┏━━

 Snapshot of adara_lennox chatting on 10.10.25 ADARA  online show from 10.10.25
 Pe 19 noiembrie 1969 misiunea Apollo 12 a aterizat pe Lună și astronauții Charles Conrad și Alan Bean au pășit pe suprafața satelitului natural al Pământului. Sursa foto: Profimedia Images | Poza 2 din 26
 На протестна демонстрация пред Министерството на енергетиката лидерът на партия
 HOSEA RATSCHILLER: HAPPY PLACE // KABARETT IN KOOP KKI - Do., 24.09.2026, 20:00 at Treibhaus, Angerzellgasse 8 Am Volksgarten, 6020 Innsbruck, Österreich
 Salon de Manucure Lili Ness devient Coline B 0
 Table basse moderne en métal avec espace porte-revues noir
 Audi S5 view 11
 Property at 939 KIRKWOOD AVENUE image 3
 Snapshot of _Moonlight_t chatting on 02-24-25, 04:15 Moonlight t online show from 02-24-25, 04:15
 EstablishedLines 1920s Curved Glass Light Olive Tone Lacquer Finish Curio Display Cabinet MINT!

┗━━

WORK INSTRUCTION |
Copy whichever lines of the records above contain the word "show".

SOLVED PROBLEM |
 Snapshot of adara_lennox chatting on 10.10.25 ADARA  online show from 10.10.25
 Snapshot of _Moonlight_t chatting on 02-24-25, 04:15 Moonlight t online show from 02-24-25, 04:15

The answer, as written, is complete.